It looks like you're using Inductive Proofs.

a) Prove: .$\displaystyle 2 + 4 + 6 + \cdots...+ 2n \:=\:n(n+1)$

Verify $\displaystyle S(1)\!:\;\;2 \:=\:1(1+1) \quad\Rightarrow\quad 2 \:=\:2$ . . . true!

Assume $\displaystyle S(k)\!:\;\;2 + 4 + 6 + \cdots + 2k \:=\:k(k+1)$

Add $\displaystyle 2(k+1)$ to both sides: . $\displaystyle 2 + 4 + 6 + \cdots + 2k + 2(k+1) \:=\:k(k+1) + 2(k+1)$

. . The right side is: .$\displaystyle k^2 + k + 2k + 2 \:=\:k^2+3k + 2 \:=\:(k+1)(k+2)$

The equation becomes: .$\displaystyle 2 + 4 + 6 + \cdots + 2(k+1) \:=\:(k+1)(k+2)$

This is $\displaystyle S(k+1)$ . . . The inductive proof is complete.

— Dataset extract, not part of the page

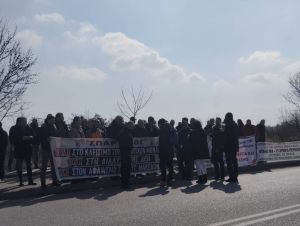 Άλλο μέσα άλλο έξω..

b) Prove: .$\displaystyle 1 + 2 + 4 + \cdots + 2^n \:= \:2^{n+1}-1$

Verify $\displaystyle S(1)\!:\;\;1 +2\;=\;2^2-1\quad\Rightarrow\quad 3 \:=\:3$ . . . true!

Assume $\displaystyle S(k)\!:\;\;1 + 2 + 4 + \cdots + 2^k \:=\:2^{k+1} - 1$

Add $\displaystyle 2^{k+1}$ to both sides: .$\displaystyle 1 + 2 + 4 + \cdots + 2^k + 2^{k+1} \;=\;2^{k+1}-1 + 2^{k+1}$

. . The right side is: .$\displaystyle 2\cdot2^{k+1} - 1 \;=\;2^{k+2}-1$

The equation becomes: .$\displaystyle 1 + 2 + 4 + \cdots + 2^{k+1} \;=\;2^{k+2}-1$

This is $\displaystyle S(k+1)$ . . . The inductive proof is complete.

Edit: I see that you figured it out . . . Good for you!
.

4. I just wonder 2 things.

1.How can you say that you have prooved it... dont the sides have to be exactly? Even if that is understood.

2.How do you write codes like that?

Edit; 3. Did I post this in the right section?